Posted Wednesday, October 16, 2013 in: DIY Nerd Life Before & After Our House

So since I wrote about how we renovated our really small ensuite and what it cost, I’ve had many fellow nerds ask me about it. It seems we are not the only ones who have been cursed with a tiny bathroom! And some of you have even told me you have the exact same bathroom configuration in your own 70s/80s house and are pondering just how to renovate it, when space is such an issue.

We had started this renovation by the time our interior designer friend Nelly Reffet came on the scene to help us with the rest of our home, so we designed and project managed it on our own. I have to tell you, I did have some very kind offers of help from some of my designer friends to help us do the bathroom, but I didn’t want to take them up on it, because in a weird way I felt like the room was too small to annoy them with. Yes I know. (I didn’t say I was going to make sense).

ABOVE: Oour renovated, super-tiny ensuite (175cm by 175cm).

ABOVE: The pictures I used as inspiration for our bathroom colour scheme - spaces that have a relaxing, Australian feel with contemporary lines and warm colours. Award-winning builder Today's Homes build beautiful, contemporary homes in ACT with a focus on sustainable features and quality fit-outs.     

So Mr Nerd and I barged on ahead and designed our bathroom ourselves, arguing with each other and kind of making it up as we went along. (I know that’s terrible. But sometimes that is our style). Perhaps if we had had expert help we wouldn’t have made a few errors, but on the plus side, we love it now!

Given such a tight space to work with (the bathroom is only a little over 3sqm at 1.75m by 1.75m), there were definitely restrictions on what we could do. I’m no bathroom renovation expert but I do want to share with you what we learned in the hope that some of you fellow tiny bathroom owners might get something out of it (ie: you can learn from our mistakes!)

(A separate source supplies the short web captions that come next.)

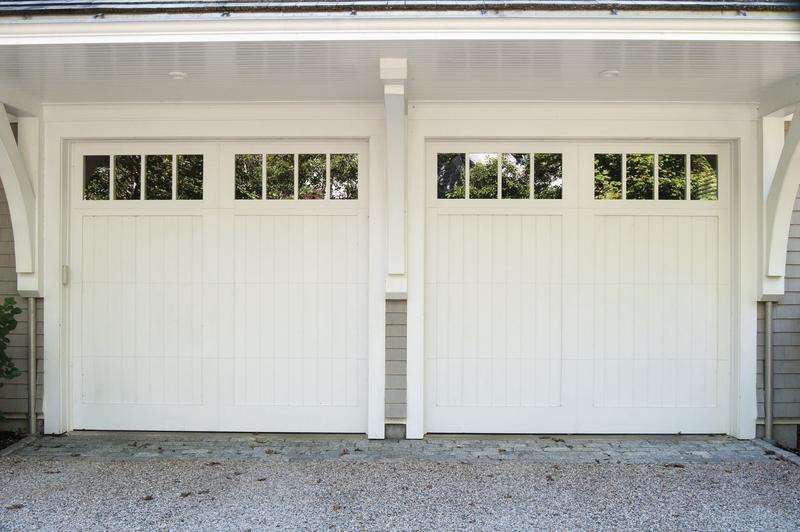 Painted wood door, vertical boards, square windows, two single doors, in a shingle wall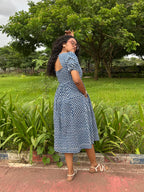Mira midi dress with puff sleeves and gathered waist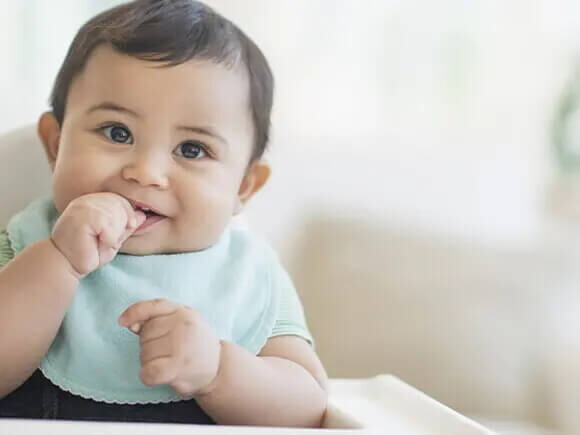 Bebé de 9 meses sentado sonriendo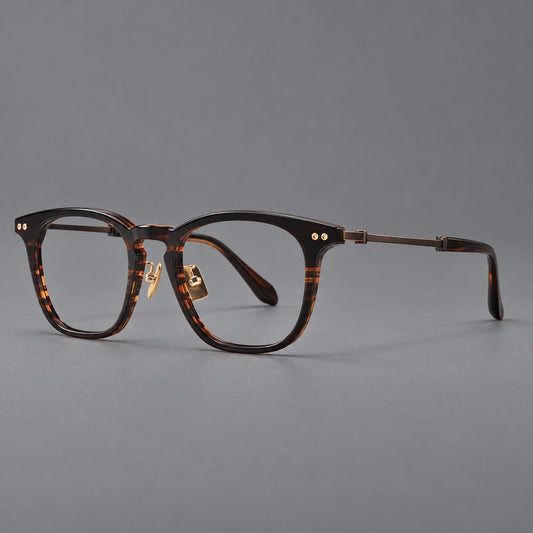 Retro acetate and titanium eyeglasses with gently squared rims and circular metal hinges in Striped Dark Brown / Antique Bronze, three quarter view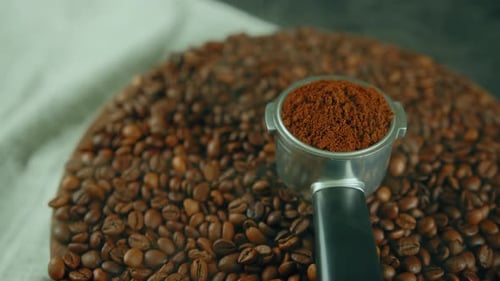 Roasted Coffee Beans with Portafilter and Coffee Grounds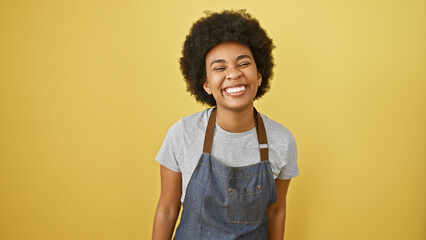A joyful african american woman with curly hair wearing a denim apron smiles against a yellow...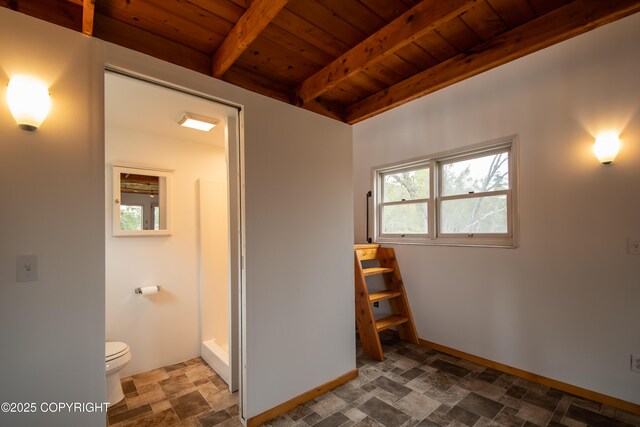 55851 Glenn Rd, Homer, AK 99603 - full bathroom featuring wood ceiling with exposed beams, stone finish floors, toilet, a shower, and baseboards
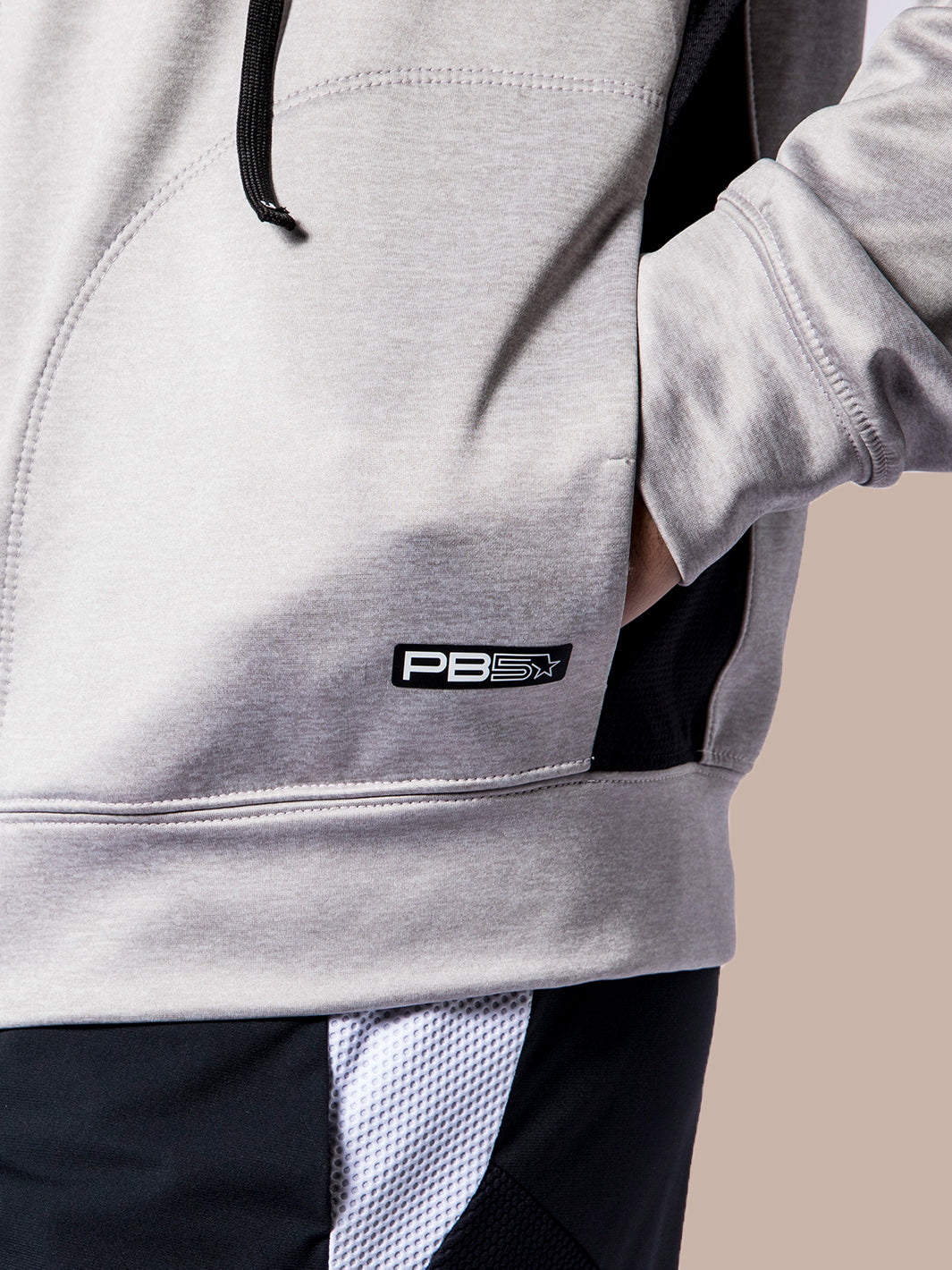 Close-up of the PB5star logo on a grey heather Performance Full Zip Hoodie with black trim, highlighting the quality fabric and design.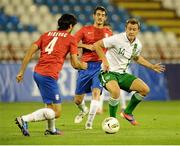 15 August 2012; Simon Cox, Republic of Ireland, in action against Milan Bisevac, Serbia. Friendly International, Serbia v Republic of Ireland, Red Star Stadium, Belgrade, Serbia. Picture credit: David Maher / SPORTSFILE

Before we renovated the bathroom, the glass pane butted up against the vanity, and the tiny gap in between the vanity and shower trapped dust, dog hair and dirt – yuck!

Building the hob was the solution. Mr Nerd made it from recycled bricks and it was then plastered and tiled in travertine. Yes, it does take up precious shower room, but the pay-off is a pretty feature half-wall in what is quite a plain bathroom and a decently sized shelf for shower products.


We stretched the mirror across two walls to give the room a bigger feel and it works.



Initially we wanted a big, sexy, wall-mounted rain showerhead, like this one on the left. What we got was the one on the right.

All the tiling had been done, and there was a hole for the plumbing in the wall, waiting to be plumbed. We just needed to buy the shower fittings and get the plumber out again. And we were standing in the bathroom fittings store, looking at all the options for the wall-mounted rain shower heads, and realised that with the plumbing hole at the height it was, Mr Nerd was too bloody tall to fit properly under even the tallest wall-mounted rainshower in the shop. Great. He would have to stop just to rinse his hair and he wouldn’t be able to sing and dance the Decore song.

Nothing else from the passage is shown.